Wednesday 26 May 2010

'Salem's Lot

Before drifting away entirely, he found himself reflecting - not for the first time - on the peculiarity of adults. They took laxatives, liquor or sleeping pills to drive away their terrors so that sleep would come, and their terrors were so tame and domestic; the job, the money, what the teacher will think if I can't get Jennie nicer clothes, does my wife still love me, who are my friends. They were pallid compared to the fears every child lies cheek and jowel with in his dark bed, with no one to confess to in hope of perfect understanding but another child. There is no group therapy or psychiatry or community social services for the child who must cope with the thing under the bed or in the cellar every night, the thing which leers and capers and threatens just beyond the point where vision will reach. The same lonely battle must be fought night after night and the only cure is the eventual ossification of the imaginary faculties, and this is called adulthood.
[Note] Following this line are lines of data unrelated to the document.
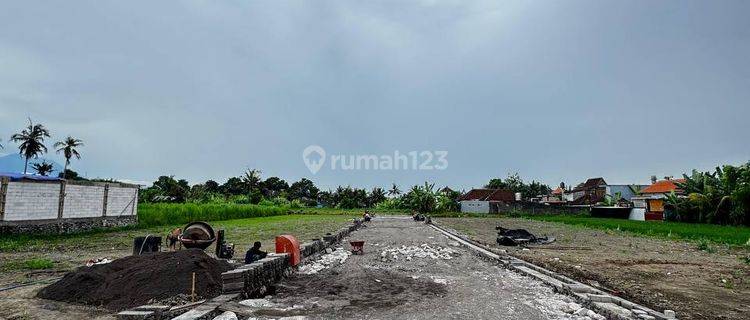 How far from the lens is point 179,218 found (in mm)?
31922

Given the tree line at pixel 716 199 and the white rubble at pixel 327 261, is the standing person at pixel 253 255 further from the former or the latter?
the tree line at pixel 716 199

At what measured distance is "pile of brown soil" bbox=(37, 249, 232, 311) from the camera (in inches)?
282

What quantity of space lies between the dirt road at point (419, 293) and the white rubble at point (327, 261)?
13 centimetres

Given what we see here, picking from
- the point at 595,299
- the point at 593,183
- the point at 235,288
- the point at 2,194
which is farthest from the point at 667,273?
the point at 593,183

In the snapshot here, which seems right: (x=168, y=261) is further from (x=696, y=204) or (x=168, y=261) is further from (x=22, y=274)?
(x=696, y=204)

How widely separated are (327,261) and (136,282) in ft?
17.0

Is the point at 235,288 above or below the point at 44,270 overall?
above

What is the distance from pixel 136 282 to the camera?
746 centimetres

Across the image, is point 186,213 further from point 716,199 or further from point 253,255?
point 716,199

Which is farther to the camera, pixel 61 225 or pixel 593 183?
pixel 593 183

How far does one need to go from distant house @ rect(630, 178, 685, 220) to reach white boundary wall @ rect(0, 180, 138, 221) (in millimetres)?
45085

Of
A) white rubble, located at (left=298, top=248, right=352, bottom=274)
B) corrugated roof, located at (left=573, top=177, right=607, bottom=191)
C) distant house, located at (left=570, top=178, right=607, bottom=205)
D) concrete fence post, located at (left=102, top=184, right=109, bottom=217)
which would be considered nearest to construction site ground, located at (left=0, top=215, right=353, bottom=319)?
white rubble, located at (left=298, top=248, right=352, bottom=274)

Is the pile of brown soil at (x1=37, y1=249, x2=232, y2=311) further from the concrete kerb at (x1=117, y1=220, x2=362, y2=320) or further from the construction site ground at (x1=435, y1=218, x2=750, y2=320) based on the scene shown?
the construction site ground at (x1=435, y1=218, x2=750, y2=320)

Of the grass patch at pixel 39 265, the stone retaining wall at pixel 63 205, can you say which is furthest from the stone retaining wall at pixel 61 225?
the grass patch at pixel 39 265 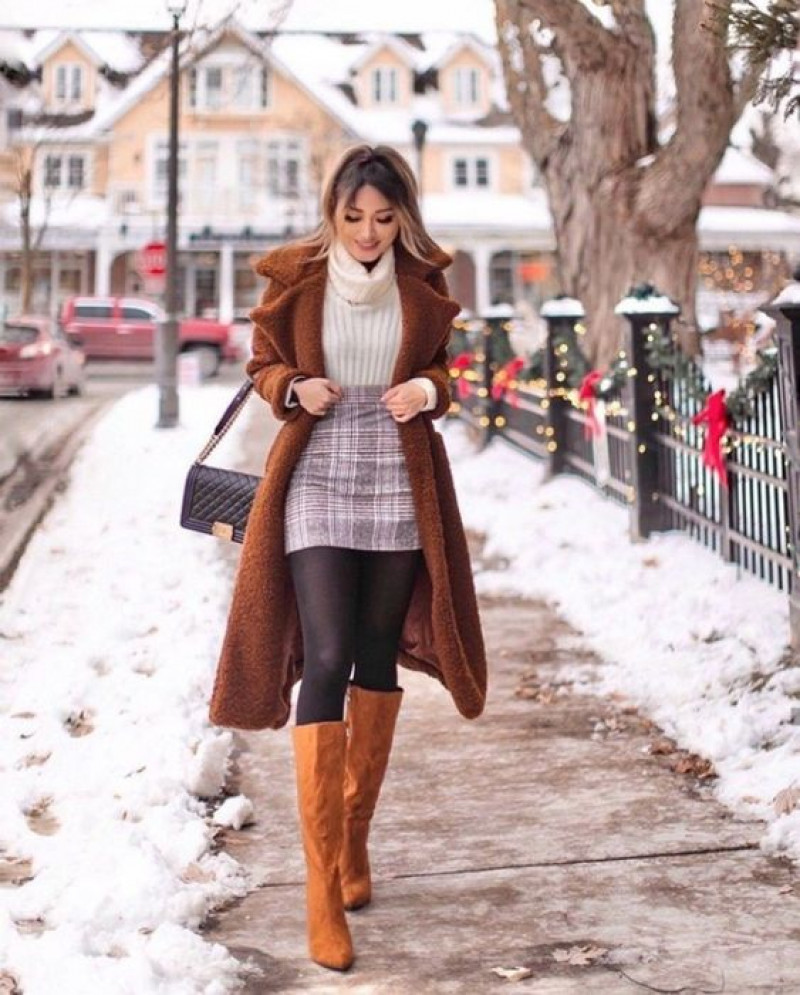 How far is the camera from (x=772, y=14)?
177 inches

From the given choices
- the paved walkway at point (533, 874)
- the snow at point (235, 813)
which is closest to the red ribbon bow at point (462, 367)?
the paved walkway at point (533, 874)

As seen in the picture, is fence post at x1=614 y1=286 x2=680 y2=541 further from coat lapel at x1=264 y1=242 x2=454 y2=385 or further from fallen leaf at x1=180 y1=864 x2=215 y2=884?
fallen leaf at x1=180 y1=864 x2=215 y2=884

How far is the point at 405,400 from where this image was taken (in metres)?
→ 3.35

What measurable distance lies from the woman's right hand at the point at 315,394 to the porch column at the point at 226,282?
37303mm

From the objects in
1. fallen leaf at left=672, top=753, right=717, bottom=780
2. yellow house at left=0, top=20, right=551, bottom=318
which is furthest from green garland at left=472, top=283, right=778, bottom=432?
yellow house at left=0, top=20, right=551, bottom=318

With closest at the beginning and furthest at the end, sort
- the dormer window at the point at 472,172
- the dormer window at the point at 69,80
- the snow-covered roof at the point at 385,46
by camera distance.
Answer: the dormer window at the point at 69,80
the dormer window at the point at 472,172
the snow-covered roof at the point at 385,46

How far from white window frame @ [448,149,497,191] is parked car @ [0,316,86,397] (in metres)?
23.3

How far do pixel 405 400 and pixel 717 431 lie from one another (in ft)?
14.1

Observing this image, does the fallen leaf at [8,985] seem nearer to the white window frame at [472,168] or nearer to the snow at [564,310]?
the snow at [564,310]

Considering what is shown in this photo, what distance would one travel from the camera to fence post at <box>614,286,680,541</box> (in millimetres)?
8672

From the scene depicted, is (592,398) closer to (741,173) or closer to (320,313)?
(320,313)

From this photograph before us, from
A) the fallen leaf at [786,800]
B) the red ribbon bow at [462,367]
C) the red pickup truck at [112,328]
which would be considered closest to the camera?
the fallen leaf at [786,800]

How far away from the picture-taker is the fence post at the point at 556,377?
37.8 ft

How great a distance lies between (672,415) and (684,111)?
10.7 feet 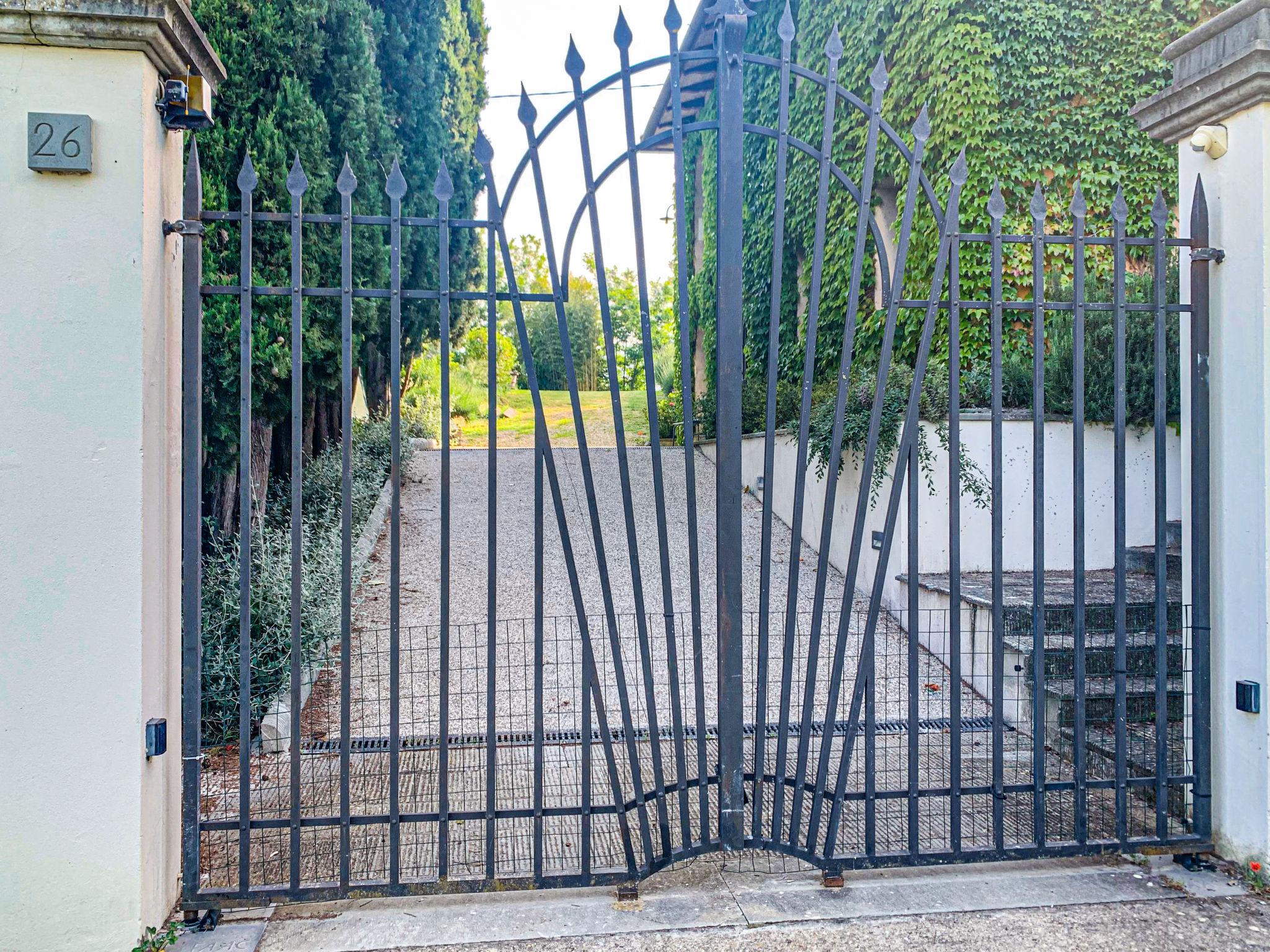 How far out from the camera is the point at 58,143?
2453 millimetres

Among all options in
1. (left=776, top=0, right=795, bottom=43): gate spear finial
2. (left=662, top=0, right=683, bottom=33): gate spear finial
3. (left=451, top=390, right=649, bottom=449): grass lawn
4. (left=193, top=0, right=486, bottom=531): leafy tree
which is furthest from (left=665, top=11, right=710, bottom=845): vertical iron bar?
(left=451, top=390, right=649, bottom=449): grass lawn

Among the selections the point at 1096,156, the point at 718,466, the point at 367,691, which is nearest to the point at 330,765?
the point at 367,691

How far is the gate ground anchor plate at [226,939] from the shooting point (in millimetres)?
2562

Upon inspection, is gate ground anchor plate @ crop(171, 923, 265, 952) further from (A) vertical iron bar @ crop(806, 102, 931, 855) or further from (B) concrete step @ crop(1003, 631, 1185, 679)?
(B) concrete step @ crop(1003, 631, 1185, 679)

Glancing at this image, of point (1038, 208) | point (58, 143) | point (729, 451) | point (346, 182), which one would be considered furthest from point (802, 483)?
point (58, 143)

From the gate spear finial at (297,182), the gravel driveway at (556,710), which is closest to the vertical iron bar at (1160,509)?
the gravel driveway at (556,710)

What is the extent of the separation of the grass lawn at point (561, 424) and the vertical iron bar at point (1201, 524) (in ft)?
29.4

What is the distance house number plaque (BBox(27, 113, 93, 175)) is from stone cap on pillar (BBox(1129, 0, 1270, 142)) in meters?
3.68

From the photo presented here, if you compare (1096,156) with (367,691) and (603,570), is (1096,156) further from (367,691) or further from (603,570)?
(367,691)

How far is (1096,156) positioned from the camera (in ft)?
24.5

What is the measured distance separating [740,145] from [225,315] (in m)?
3.42

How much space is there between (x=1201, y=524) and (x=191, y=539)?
3.58 meters

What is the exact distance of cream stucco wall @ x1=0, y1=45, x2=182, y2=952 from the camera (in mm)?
2475

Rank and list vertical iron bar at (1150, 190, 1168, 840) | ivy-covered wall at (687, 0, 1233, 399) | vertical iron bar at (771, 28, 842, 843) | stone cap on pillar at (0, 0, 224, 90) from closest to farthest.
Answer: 1. stone cap on pillar at (0, 0, 224, 90)
2. vertical iron bar at (771, 28, 842, 843)
3. vertical iron bar at (1150, 190, 1168, 840)
4. ivy-covered wall at (687, 0, 1233, 399) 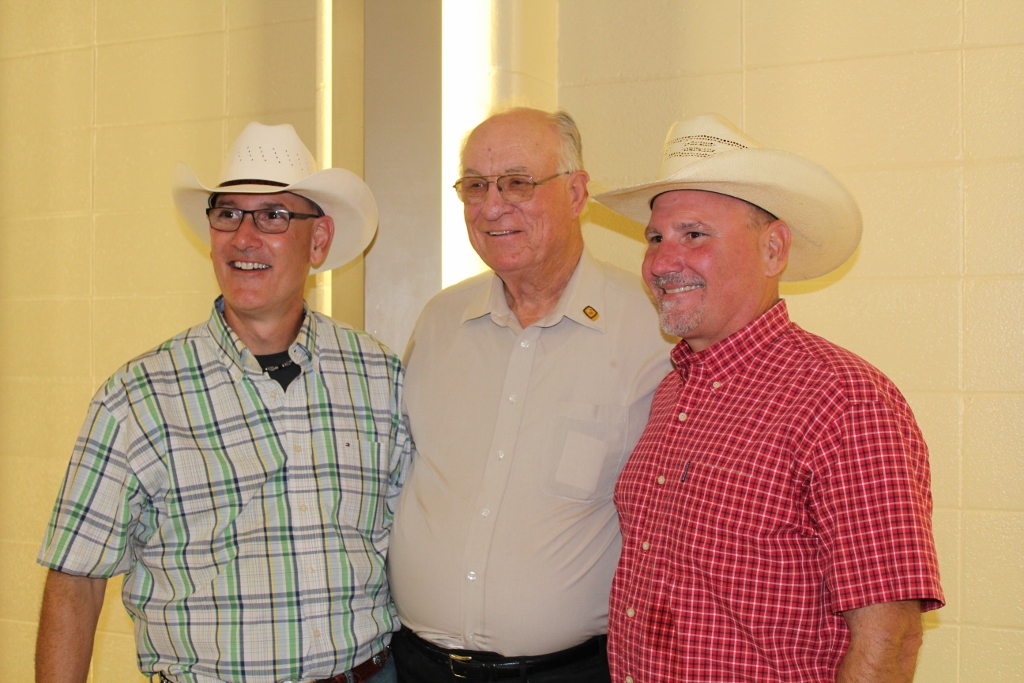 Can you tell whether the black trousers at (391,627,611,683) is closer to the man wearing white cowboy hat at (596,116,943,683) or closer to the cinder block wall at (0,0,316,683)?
the man wearing white cowboy hat at (596,116,943,683)

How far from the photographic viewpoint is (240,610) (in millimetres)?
2016

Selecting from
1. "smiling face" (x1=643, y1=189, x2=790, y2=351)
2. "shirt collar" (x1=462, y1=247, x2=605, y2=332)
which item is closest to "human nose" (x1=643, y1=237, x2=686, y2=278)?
"smiling face" (x1=643, y1=189, x2=790, y2=351)

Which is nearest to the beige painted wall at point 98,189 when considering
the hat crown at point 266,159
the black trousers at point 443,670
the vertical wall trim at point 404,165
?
the vertical wall trim at point 404,165

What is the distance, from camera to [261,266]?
7.20 feet

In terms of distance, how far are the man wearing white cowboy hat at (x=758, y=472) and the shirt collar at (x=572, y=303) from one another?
0.33 meters

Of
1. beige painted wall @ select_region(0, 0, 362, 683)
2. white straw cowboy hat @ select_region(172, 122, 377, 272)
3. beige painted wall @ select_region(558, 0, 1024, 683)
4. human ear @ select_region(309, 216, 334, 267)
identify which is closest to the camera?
white straw cowboy hat @ select_region(172, 122, 377, 272)

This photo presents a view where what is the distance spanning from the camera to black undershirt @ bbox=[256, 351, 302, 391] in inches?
88.0

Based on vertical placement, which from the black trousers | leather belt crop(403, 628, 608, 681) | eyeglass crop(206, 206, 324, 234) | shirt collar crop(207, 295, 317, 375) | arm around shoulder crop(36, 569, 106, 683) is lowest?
the black trousers

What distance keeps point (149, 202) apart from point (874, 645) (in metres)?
3.05

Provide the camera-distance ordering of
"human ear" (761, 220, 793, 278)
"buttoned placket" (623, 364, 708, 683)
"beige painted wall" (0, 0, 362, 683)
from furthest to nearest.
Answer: "beige painted wall" (0, 0, 362, 683)
"human ear" (761, 220, 793, 278)
"buttoned placket" (623, 364, 708, 683)

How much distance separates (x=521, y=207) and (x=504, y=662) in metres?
1.16

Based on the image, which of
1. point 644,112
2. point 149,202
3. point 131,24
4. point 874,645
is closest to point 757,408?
point 874,645

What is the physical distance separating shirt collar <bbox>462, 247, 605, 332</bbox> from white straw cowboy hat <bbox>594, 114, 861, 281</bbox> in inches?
11.0

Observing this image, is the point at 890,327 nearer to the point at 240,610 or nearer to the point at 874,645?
the point at 874,645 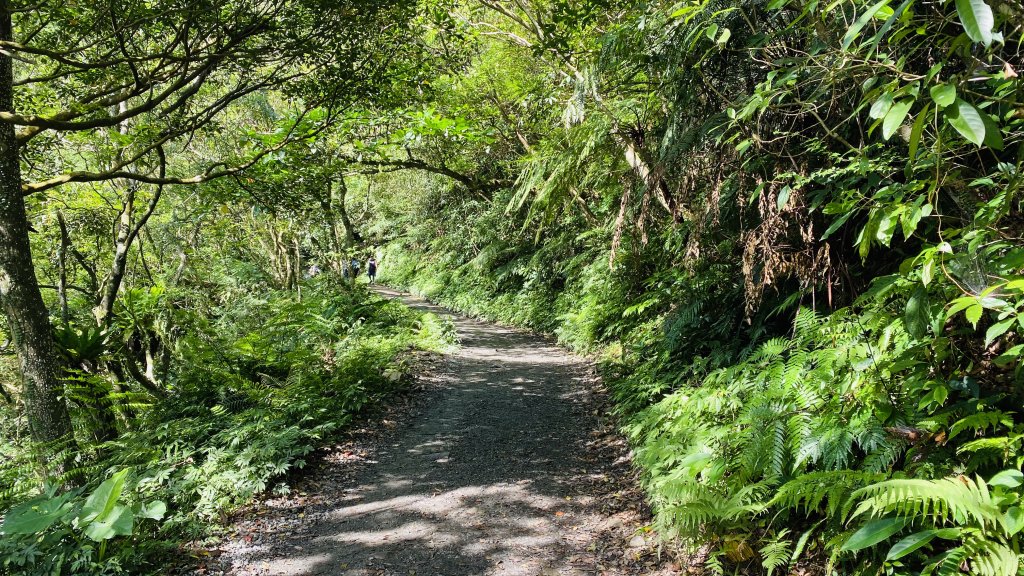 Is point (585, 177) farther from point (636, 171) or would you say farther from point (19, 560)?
point (19, 560)

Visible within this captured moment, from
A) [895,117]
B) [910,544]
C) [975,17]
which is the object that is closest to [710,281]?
[910,544]

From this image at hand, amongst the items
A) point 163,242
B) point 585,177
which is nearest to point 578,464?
point 585,177

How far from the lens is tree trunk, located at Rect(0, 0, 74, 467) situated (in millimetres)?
4262

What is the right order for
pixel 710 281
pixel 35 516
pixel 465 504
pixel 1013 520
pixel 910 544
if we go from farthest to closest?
pixel 710 281 < pixel 465 504 < pixel 35 516 < pixel 1013 520 < pixel 910 544

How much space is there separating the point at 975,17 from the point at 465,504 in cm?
457

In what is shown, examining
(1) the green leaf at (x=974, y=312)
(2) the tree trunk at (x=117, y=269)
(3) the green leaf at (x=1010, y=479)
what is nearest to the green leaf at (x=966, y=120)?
(1) the green leaf at (x=974, y=312)

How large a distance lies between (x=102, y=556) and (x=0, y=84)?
388 centimetres

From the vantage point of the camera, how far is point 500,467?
546 cm

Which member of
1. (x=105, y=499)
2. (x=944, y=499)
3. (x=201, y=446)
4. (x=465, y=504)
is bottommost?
(x=465, y=504)

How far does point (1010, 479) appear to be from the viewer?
83.6 inches

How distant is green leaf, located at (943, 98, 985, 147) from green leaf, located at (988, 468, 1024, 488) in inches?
62.2

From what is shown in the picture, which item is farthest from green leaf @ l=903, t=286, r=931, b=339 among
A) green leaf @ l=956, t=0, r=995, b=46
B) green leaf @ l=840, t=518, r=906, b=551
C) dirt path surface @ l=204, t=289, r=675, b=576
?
dirt path surface @ l=204, t=289, r=675, b=576

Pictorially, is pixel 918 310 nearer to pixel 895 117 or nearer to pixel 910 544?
pixel 910 544

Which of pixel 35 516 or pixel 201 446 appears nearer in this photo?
pixel 35 516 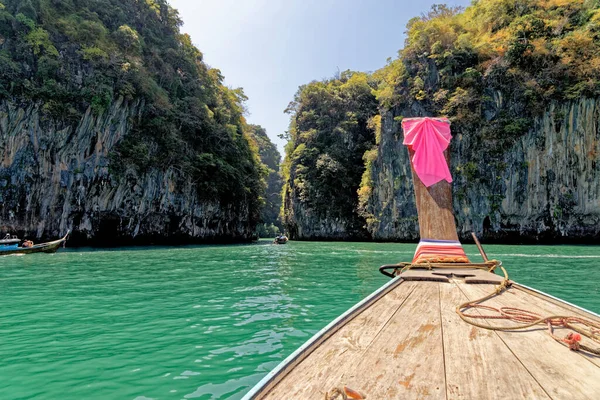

In some shorter, simpler mental shorthand, these thoughts passed through his brain. The night before, Matt Burke had faced such a dark thing and had been stricken by a heart seizure brought on by fright; tonight Mark Pertie had faced one, and ten minutes later lay in the lap of sleep, the plastic cross still grasped loosely in his right hand like a child's rattle. Such is the difference between men and boys.